Acceptable inorganic bases include, but are not limited to, sodium
hydroxide, sodium carbonate, potassium hydroxide, aluminum
hydroxide and calcium hydroxide. Acceptable organic bases include,
but are not limited to, ethanolamine, diethanolamine,
triethanolamine, tromethamine, N-methylglucamine and the like.
[0141] As used, herein the term "pharmaceutically acceptable" shall
be given its ordinary meaning and shall also include components,
compounds, chemicals, etc. useful in the preparation of a
pharmaceutical composition that is generally safe, non-toxic and
neither biologically nor otherwise undesirable and includes that
which is acceptable for veterinary use as well as human
pharmaceutical use. As used, herein, the term "pharmaceutically
acceptable salts" shall be given its ordinary meaning and shall
include salts of compounds that are pharmaceutically acceptable, as
defined above, and/or that possess the desired pharmacological
activity.
[0142] In several embodiments, the methods employ a comprise
administration of one or more agonist and/or antagonist compounds.

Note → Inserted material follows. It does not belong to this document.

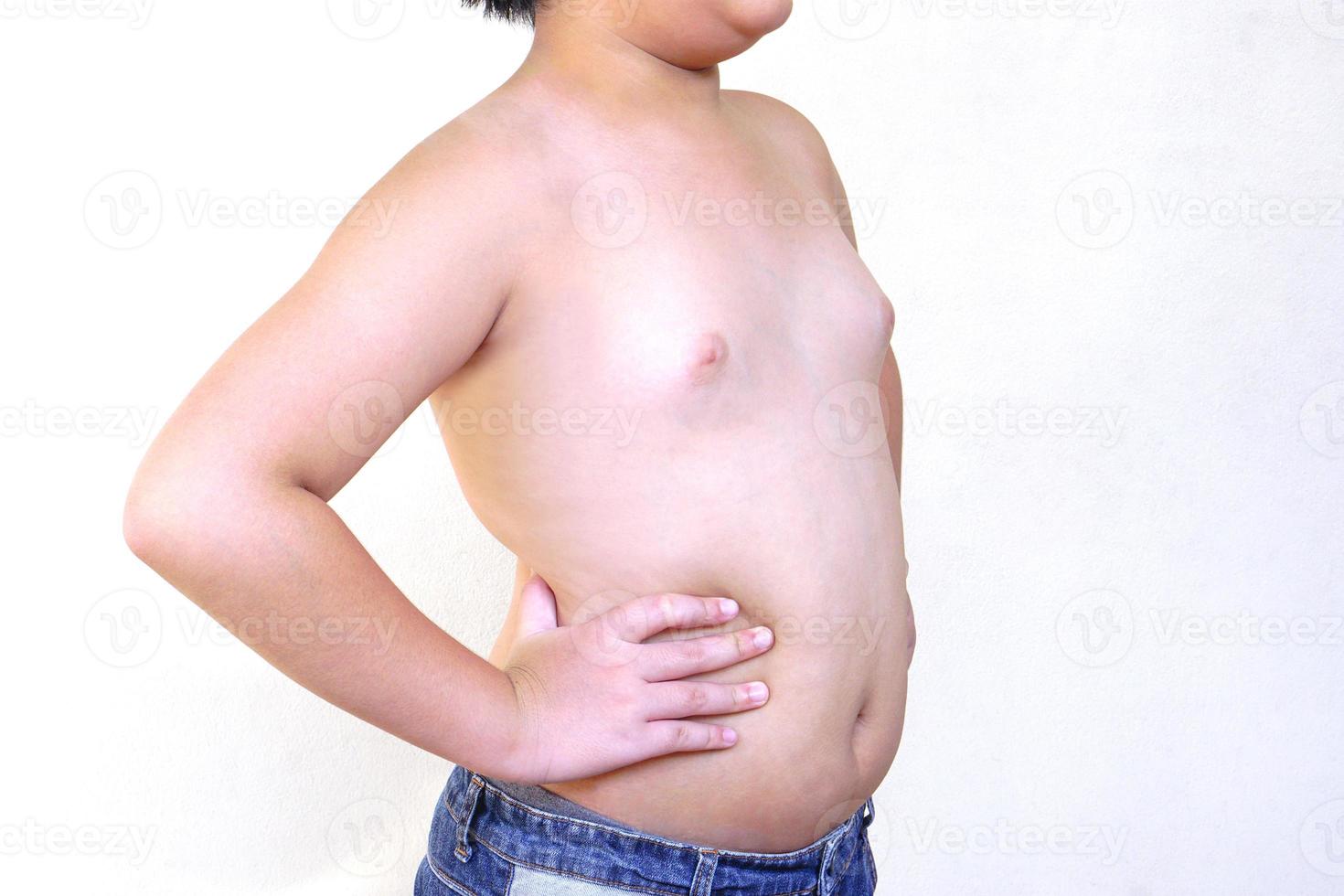 The fat boy wear jeans standing with arms akimbo on white background. Health and exercise concept. photo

Depending on the embodiments the agonist or antagonist may be
administered in order to increase or decrease the function of a
particular histamine receptor. For example, in several embodiments
an H3R agonist may be administered, while in some embodiments, an
H1R antagonist is administered. The agonists may be superagonists,
full agonists, partial agonists, or inverse agonists. Antagonists,
depending on the embodiment, can be competitive, non-competitive,
uncompetitive, or silent antagonists. The agonists and antagonists
can also be either selective or non-selective, depending on the
embodiment. In several embodiments, the use of one or more agonist
or antagonist compounds is in addition to use of anther therapeutic
agent (e.g., histamine).
[0143] In several embodiments, the methods optionally comprise
administration of an antihistamine compound. For example, in
several embodiments an antagonist of the H1 receptor is
administered in conjunction with the histamine dosing regimen, and
the reduction of H1 receptor activity by the antagonist further
potentiates the suppressive effects of the H2/H3 receptors. For
example, H1 antagonists that may be used include, but are not
limited to aceprometazine, acrivastine, alcaftadine, alimemazine,
antazoline, aptazapine, astemizole, azatadine, azelastine,
bamipine, bepotastine, bilastine, bisulepine, bromazine,
brompheniramine, carbinoxamine, carbinoxamine/pseudoephedrine,
cetirizine, chlorcyclizine, chloropyramine, chlorothen,
chlorphenamine, chlorphenoxamine, cinnarizine, clemastine,
clemizole, clobenzepam, clobenztropine, clocinizine,
cyanodothiepin, cyclizine, cyproheptadine, dacemazine, deptropine,
desloratadine, dexbrompheniramine, dexchlorpheniramine,
dimenhydrinate, dimetindene, diphenhydramine, diphenylpyraline,
doxylamine, drixoral, ebastine, embramine, emedastine, epinastine,
esmirtazapine, etymemazine, fexofenadine, histapyrrodine,
homochlorcyclizine, hydroxyethylpromethazine, hydroxyzine,
hydroxyzine, isopromethazine, isothipendyl, ketotifen,
latrepirdine, levocabastine, levocetirizine, loratadine,
mebhydrolin, mepyramine, methafurylene, methapyrilene,
methdilazine, 4-methyldiphenhydramine, mianserin, mirtazapine,
mizolastine, moxastine, olopatadine, orphenadrine, oxatomide,
pemirolast, phenindamine, pheniramine, phenyltoloxamine, pirolate,
promethazine, propiomazine, pseudoephedrine/loratadine,
pyrrobutamine, repirinast, resporal, rupatadine, setastine,
setiptiline, talastine, terfenadine, thenalidine, thenyldiamine,
thiazinamium metilsulfate, thonzylamine, tolpropamine, toplexil,
tripelennamine, triprolidine, and combinations thereof. In other
embodiments, agonist compounds may be used (e.g., depending on
whether a subject is affected with histapenia or histadelia). In
some embodiments, H1 agonists may be used, such as for example,
when treating a subject with histapenia. Suitable H1 agonists
include, but are not limited to 2-Pyridylethylamine
dihydrochloride, Histamine trifluoromethyl toluidide, as well as
the various salts of histamine (either synthetic or naturally
occurring) disclosed herein, or combinations thereof.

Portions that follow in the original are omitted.